| Me. | May 27, 1890

Haskell, J.

Bill of interpleader sent up on report to determine the title to a deposit in the Augusta Savings Bank..

It appears that one Hodgkins, now dead, in his lifetime made *546the deposit in account with Dorothy J. Dearborn, the claimant, or Amos C. Hodgkins, himself; that the deposit was made with the intention that, at his death, it should become the property of the claimant; that the book was not delivered to her until after his decease; that, until his death, it remained in a trunk in Mrs. Paul’s house, where he lived and died, and then was taken by his executor and delivered to the claimant, pursuant to the testator’s direction; that a few days before his death, conscious that his end was near, he called the executor, delivered to him a tin trunk, with directions as to the contents, and the key to the trunk in which the bank book was kept, with directions to give it to his sister after his decease; that his sister, the claimant, did not know of the intended gift to her during his lifetime, nor did the executor, when he received the key to the trunk that contained the book, know that the book was in it; he did not ascertain that fact until after the testator’s death.

The learned counsellors for the claimant set up her claim, “not by reason of any trust, nor of a donatio causé mortis, but of a valid gift inter vivos.”

The evidence shows an intention to give, but not during life. The gift would have been complete upon the delivery of the bank book. The testator retained the possession of it beyond all question, until a few days before he died. He then delivered the key of a trunk containing the book, not to the claimant, nor to any person to be forthwith delivered to her, but to the executor named in his will, for her, “at his decease.” Had he recovered, would the title of the deposit have gone from him? Was the gift complete in his lifetime ?

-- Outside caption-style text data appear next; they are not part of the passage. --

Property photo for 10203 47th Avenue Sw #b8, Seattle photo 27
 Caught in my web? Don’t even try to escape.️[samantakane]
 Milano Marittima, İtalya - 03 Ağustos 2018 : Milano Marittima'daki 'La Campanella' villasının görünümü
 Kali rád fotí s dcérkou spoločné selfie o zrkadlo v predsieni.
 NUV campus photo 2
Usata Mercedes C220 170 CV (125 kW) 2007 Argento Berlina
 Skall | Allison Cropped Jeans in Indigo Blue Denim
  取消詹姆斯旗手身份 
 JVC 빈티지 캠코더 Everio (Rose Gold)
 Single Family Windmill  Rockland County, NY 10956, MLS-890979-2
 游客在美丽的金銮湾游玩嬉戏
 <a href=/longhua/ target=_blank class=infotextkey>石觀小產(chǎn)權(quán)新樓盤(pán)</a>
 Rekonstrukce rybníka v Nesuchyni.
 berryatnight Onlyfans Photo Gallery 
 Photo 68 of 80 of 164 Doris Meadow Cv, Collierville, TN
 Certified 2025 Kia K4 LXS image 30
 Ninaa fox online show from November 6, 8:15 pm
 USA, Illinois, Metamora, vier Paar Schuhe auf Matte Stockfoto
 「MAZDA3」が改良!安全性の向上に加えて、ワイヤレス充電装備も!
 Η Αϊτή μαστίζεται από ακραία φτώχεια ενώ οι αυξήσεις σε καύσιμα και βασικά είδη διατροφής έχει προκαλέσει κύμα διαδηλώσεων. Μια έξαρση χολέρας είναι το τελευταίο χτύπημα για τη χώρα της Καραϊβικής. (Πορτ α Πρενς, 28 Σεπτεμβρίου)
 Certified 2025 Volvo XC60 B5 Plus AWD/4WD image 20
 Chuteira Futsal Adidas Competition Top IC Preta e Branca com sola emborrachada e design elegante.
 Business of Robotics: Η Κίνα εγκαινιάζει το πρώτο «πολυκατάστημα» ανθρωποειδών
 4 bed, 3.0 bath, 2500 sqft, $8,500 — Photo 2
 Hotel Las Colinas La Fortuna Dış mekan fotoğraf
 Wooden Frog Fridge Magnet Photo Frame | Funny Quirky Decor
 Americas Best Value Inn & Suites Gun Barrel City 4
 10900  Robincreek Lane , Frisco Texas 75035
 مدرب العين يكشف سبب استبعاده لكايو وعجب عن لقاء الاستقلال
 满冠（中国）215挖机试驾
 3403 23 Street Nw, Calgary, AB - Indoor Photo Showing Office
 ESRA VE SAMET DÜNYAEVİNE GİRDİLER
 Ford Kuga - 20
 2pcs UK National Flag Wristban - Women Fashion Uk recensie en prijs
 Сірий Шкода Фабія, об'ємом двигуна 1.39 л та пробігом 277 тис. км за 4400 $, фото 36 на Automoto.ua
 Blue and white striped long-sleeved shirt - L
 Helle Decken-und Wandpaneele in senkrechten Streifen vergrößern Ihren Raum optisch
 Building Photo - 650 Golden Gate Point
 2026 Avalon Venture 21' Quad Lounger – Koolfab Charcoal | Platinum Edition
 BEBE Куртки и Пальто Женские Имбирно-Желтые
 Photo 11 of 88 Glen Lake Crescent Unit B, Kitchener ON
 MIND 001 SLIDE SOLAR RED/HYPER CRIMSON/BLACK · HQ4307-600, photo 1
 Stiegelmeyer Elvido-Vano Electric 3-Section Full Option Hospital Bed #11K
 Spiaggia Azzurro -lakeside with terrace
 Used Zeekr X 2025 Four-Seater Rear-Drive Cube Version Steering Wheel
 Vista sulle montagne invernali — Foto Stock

By giving the evidence the most favorable consideration, of which it is susceptible, in the claimant’s favor, she was only entitled to receive the bank book upon the contingency of the supposed donor’s decease. The end of his life was made a condition precedent to a complete transfer of the deposit to the supposed donee. Even, if the substituted delivery of the key to the trunk could take the place of an actual delivery of the bank book, which is stoutly denied, no gift inter vivos is shown. A gift of that sort must be complete between the living. It cannot be con*547summated after the death of a supposed donor. Sucb a disposition would be inoperative under the statute of wills. Donatio perficitur possessions accipienlis.

The authorities have been so diligently collected and thoroughly discussed by counsel, that it is unnecessary to cite them anew.

The bank should be allowed its costs from the deposit, and, on payment of the balance to the executor, should be discharged from all liability to both parties on account thereof. No further costs to be allowed.

Decree accordingly.

Peters, C. J., Walton, Virgin, Emery and Foster, JJ., concurred.